Ofelia y su familia fueron de aquellos isleteros que supieron disfrutar de este rincón de la ciudad cuando sólo algunos sabían de su belleza. Allá, en la década de los 50, sus padres -junto a sus tíos- poseyeron algunas de las curiosas y bonitas casetas, casi “bungaloes”, que usaban muchas familias para pasar los veranos sobre el jable confitalero.
“Nuestra caseta era de lujo, tenía un bonito baño, cocina, un saloncito, terraza dando al mar, literas para dormir con cortinas cretonas”, recuerda Ofelia. Todos nos conocíamos, éramos como un gran familia que muchas noches de agosto nos reuníamos a la luz de una hoguera para comer un buen caldo de pescado, elaborado con lo “cogido” horas antes.
Mi padre tenía, por aquel entonces, una barquita y algunas nasas, sacaba barreños llenos de fulas, panchonas y sargos. Más tarde, por la noche, iban a coger cangrejos blancos con los mechones. Recuerdo como se veían la luces “andar” por encima de las grandes losetas de rocas, yo los esperaba a la vuelta para ver la enorme cantidad de cangrejos que traían.
Toda la pesca acababa en el caldero o en la “cantina” que mis hermanas poseían varios metros más allá, y, en la cual, muchas tardes, al caer el sol, se formaban unos buenos tenderetes. Era famosa la gallegada de pescado que mi hermana mayor cocinaba, venían a comer gentes de todos lados; artistas, futbolistas, gente bien de Las Palmas. Parece que fue ayer. Veo a Nanino Díaz Cutillas, con aquel cuerpazo y aquel bañadorcito, a Germán, Tonono; muchos futbolistas de aquella época probaron los platos elaborados con lo que mariscábamos y pescábamos sólo minutos antes”.

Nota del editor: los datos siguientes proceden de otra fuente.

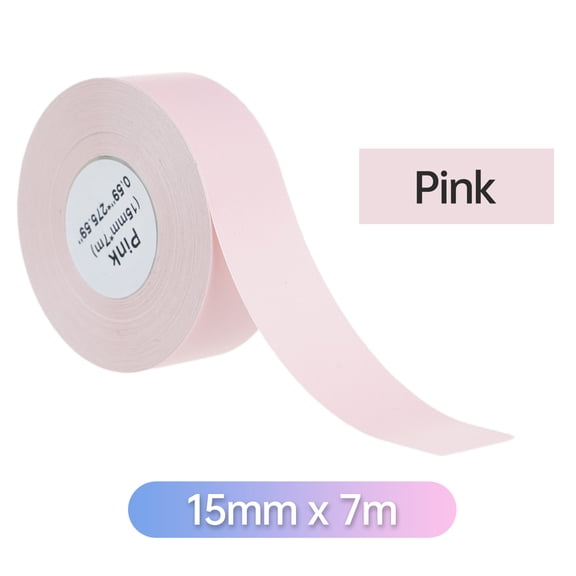 Nieyigj Thermal Label Paper Continuous Label Tape Self-Adhesive Waterproof Roll 15mm x 7m / 0.59 inches x 22.9 feet - Pink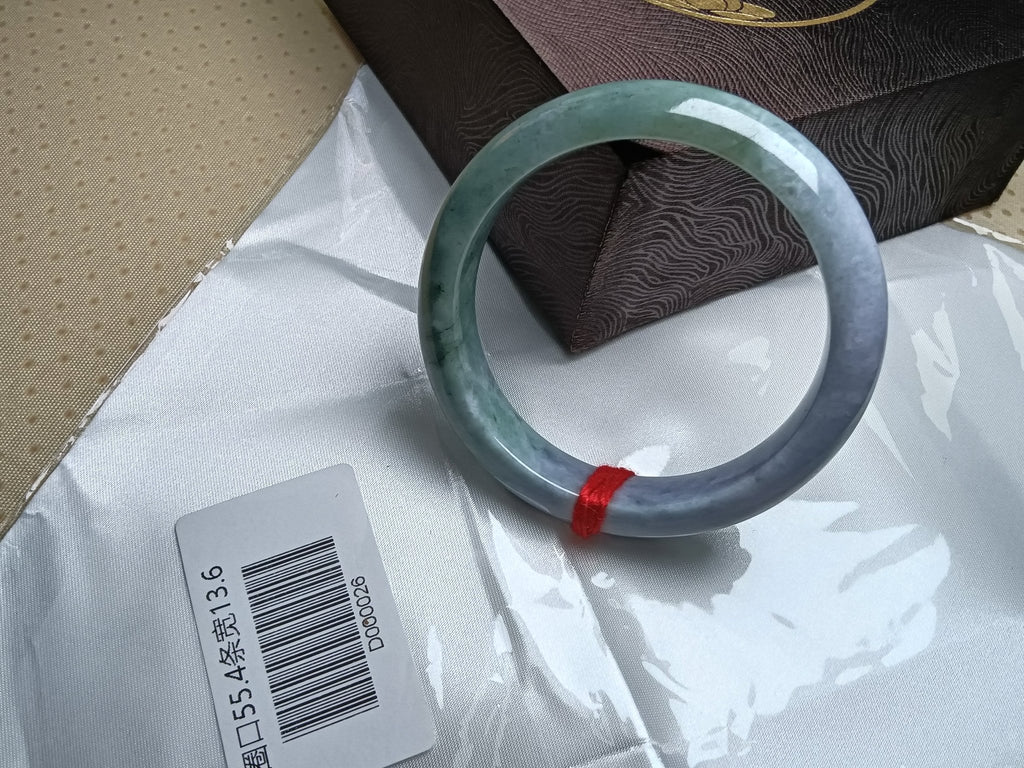 Half Water/Half Mountain Lavender&Green Burmese Jadeite Bracelet with Certificate (Size:55 - 56mm) - Jadeite Ding
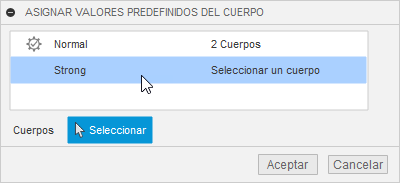cuadro de diálogo asignar valores predefinidos de cuerpo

A Ofelia se le ha quedado en la memoria una tarde que, de repente, se puso el cielo negro y la mar comenzó a rugir. La lluvia tormentosa hizo que empezaran a correr las barranqueras montaña abajo, fue un buen susto: “Nos tuvieron que sacar a todos en camiones. Las casetas y muebles acabaron destrozados”.
Pasaron los años, Ofelia y su gente disfrutaron cuanto pudieron, allí se hicieron “grandes”, correteando entre lapas, cangrejos, y pulpos.
Más tarde, llegó la droga y la marginación, las buenas familias se tuvieron que marchar y abandonar su rinconcito. Algunos aguantaron, pero ya no era lo mismo.
Después de algunas décadas “oscuras”, hoy El Confital vuelve a florecer libre y natural. “Tienes que ir a verlo, está todo verde, están saliendo como unas campanitas violetas. Está surgiendo naturaleza”, dice excitada Ofelia. “Voy casi todos los días a caminar. Oigo el mar cuando choca con los callaos, cuando entra en el Bañadero. ¡Qué recuerdos! Aquí, en el Bañadero, por aquel entonces, los pescadores vendían sus capturas. Estaban vivos, fresquísimos. Si la memoria no me falla, era a 30 pesetas el kilo”.
“Fue una maravillosa adolescencia y juventud, aquellos días confitaleros nunca los olvidaré, forman parte de mí”.